Because of the perfect one-pointedness and fixed
attention, one loses the faculty of perspective within jhāna. Comprehension relies on comparison—relating this to that, here to there, now with then. In jhāna, all that is perceived is an unmoving, enveloping, nondual bliss that allows no space for the arising of perspective. It is like that puzzle where one is shown a photograph of a well-known object from an unusual angle, and one has to guess what it is. It is very difficult to identify some objects without looking at them from different angles. When perspective is removed, so is comprehension. Thus in jhāna not only is there no sense of time but also there is no comprehension of what is going on. At the time, one will not even know which jhāna one is in. All one knows is great bliss, unmoving, unchanging, for unknown lengths of time.

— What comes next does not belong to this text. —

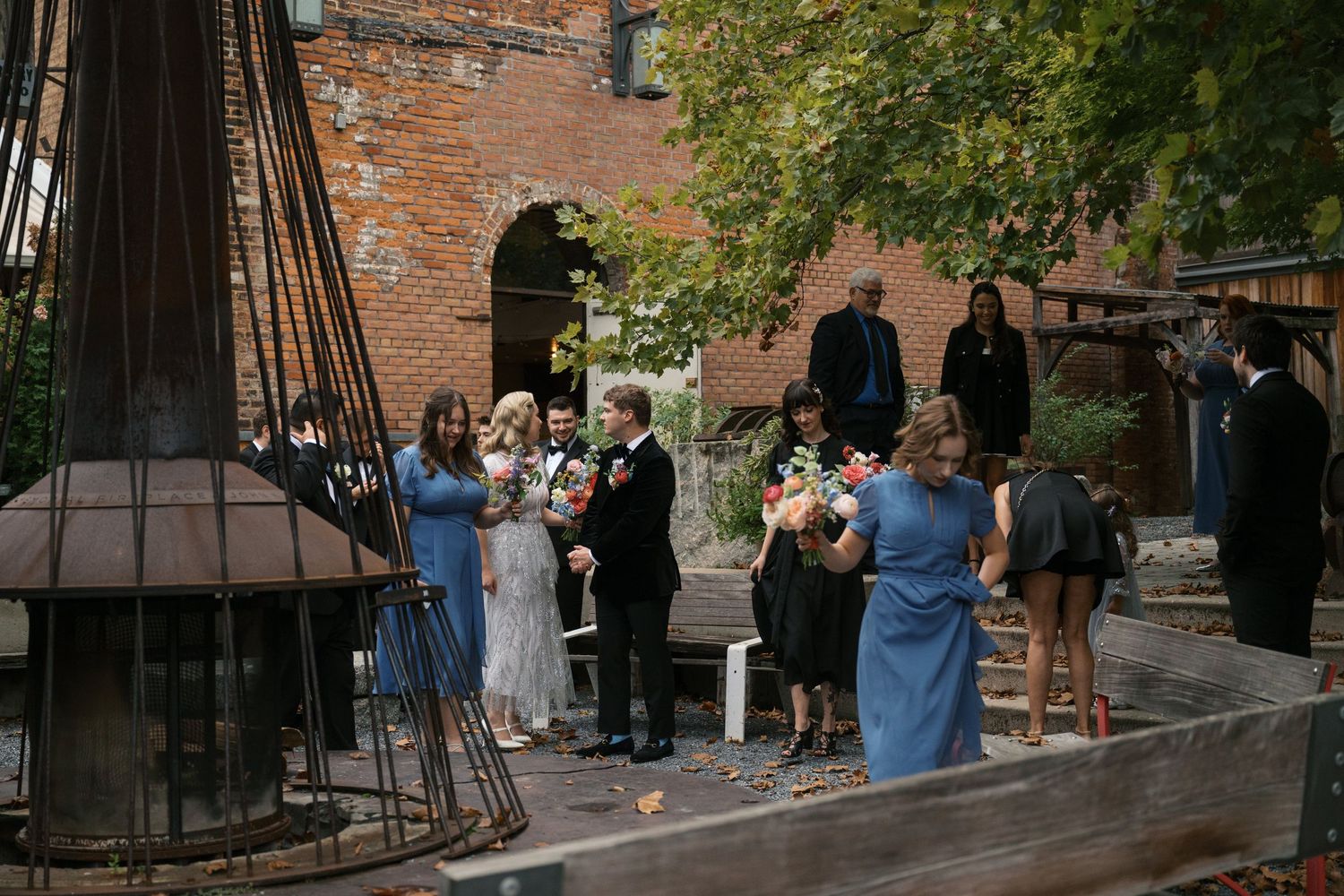 Wedding guests gather outside a rustic brick building during an intimate outdoor ceremony.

Even though there is no comprehension within any jhāna, one is certainly not in a trance. One’s mindfulness is greatly increased to a level of sharpness that is truly incredible. One is immensely aware. Only mindfulness doesn’t move. It is frozen. And the stillness of the superpower mindfulness, the perfect one-pointedness of awareness, makes the
jhāna experience completely different from anything one has known before. This is not unconsciousness. It is nondual consciousness. All it can know is one thing, and that is timeless bliss that doesn’t move.
Afterward, when one has emerged from the jhāna, such
consummate one-pointedness of consciousness falls apart. With the weakening of one-pointedness, perspective reemerges, and the mind has the ability to move again. The mind has regained the space needed to compare and comprehend. Ordinary consciousness has returned.
Having just emerged from a jhāna, it is the usual practice to look back at what has happened and review the jhāna experience. The jhānas are such powerful events that they leave an indelible record in one’s memory store. In fact, one will never forget them as long as one lives. They are easy to recall with perfect retention. One comprehends the details of what happened in the jhāna, and one knows which of the jhānas it was. Moreover, data obtained from reviewing a jhāna form the basis of the insight that leads to Another strange quality that distinguishes jhāna from all other experience is that within jhāna, all the five senses are totally shut down. One cannot see, hear, smell, taste, or feel touch. One cannot hear a crow cawing or a person coughing. Even if there were a thunderclap nearby, it wouldn’t be heard in a jhāna. If someone tapped you on the shoulder, or picked you up and let you down, in jhāna you cannot know this. The mind in jhāna is so completely cut off from these five senses that they cannot break in…”
There are other teachers who have less strict definitions of jhana. One guiding question I ask is, who is it that benefits from a more lax definition of jhana?